=== Section Start ===
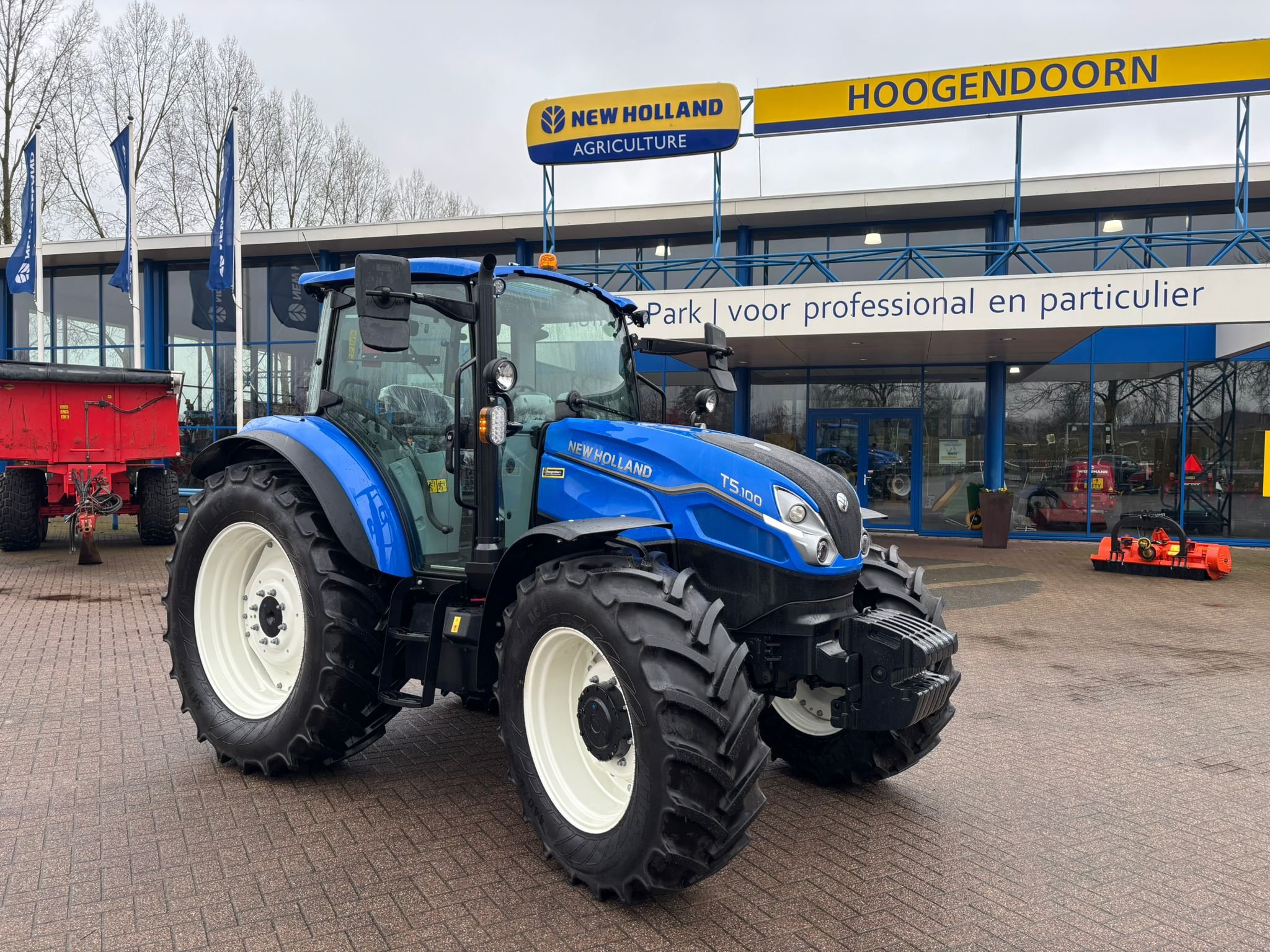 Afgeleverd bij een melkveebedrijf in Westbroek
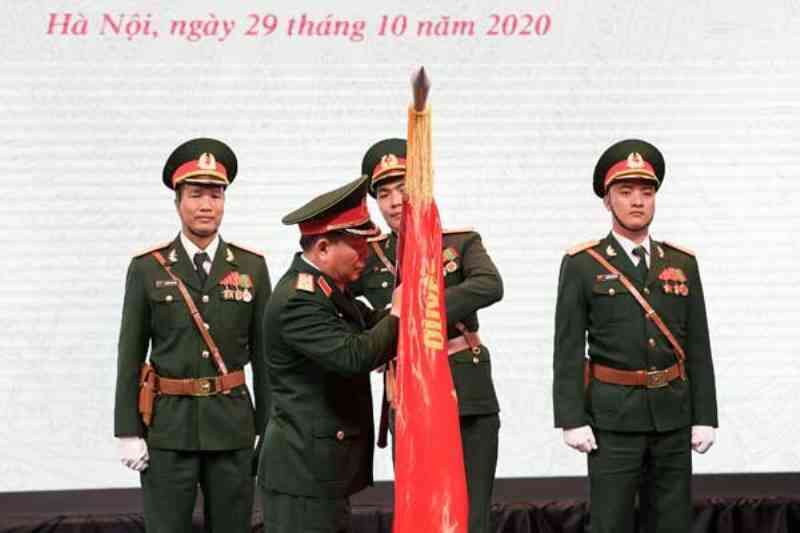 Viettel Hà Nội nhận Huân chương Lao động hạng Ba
=== Section End ===
=== Section Start ===
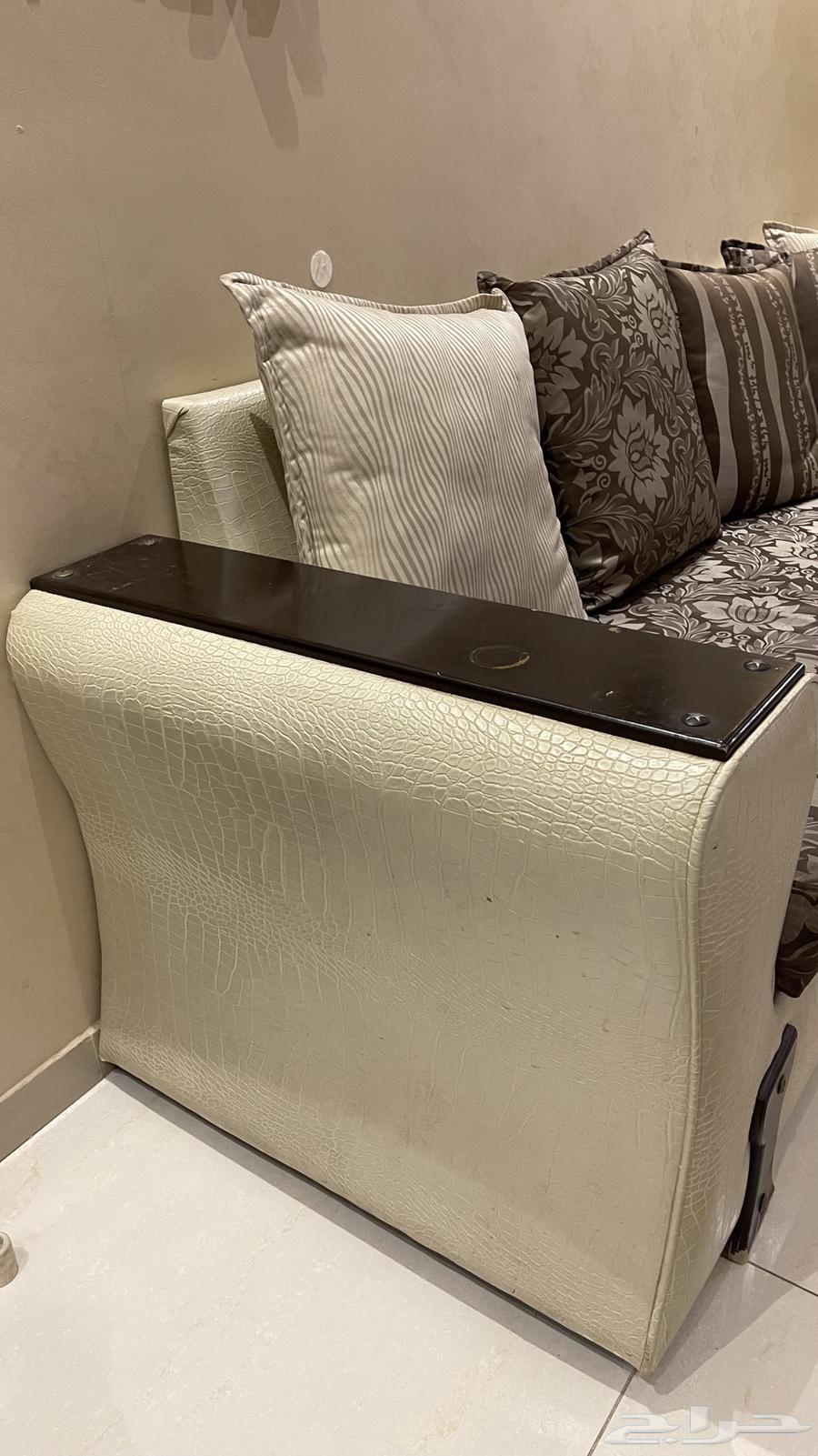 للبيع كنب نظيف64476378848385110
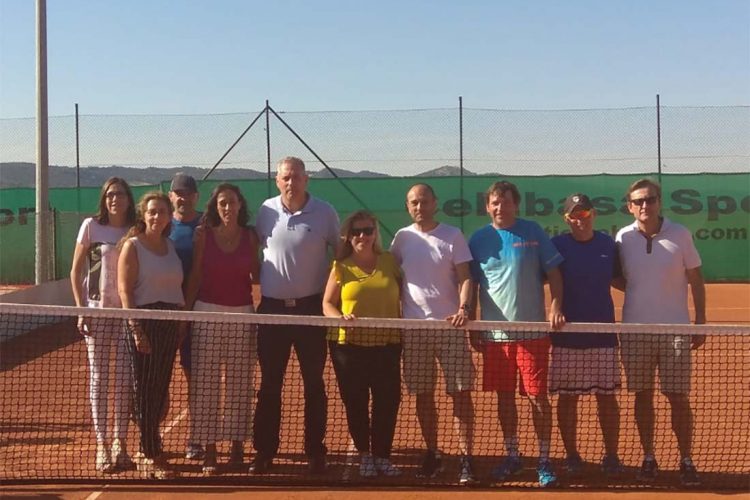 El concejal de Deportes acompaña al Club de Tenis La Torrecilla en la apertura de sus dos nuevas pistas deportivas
=== Section End ===
=== WHAT YOU WILL DO ===
Retype, exactly and with no pictures, everything above from the line with "للبيع كنب نظيف64476378848385110" down to the line with "El concejal de", both included.

=== FINISHED TASK ===
 للبيع كنب نظيف64476378848385110
 El concejal de Deportes acompaña al Club de Tenis La Torrecilla en la apertura de sus dos nuevas pistas deportivas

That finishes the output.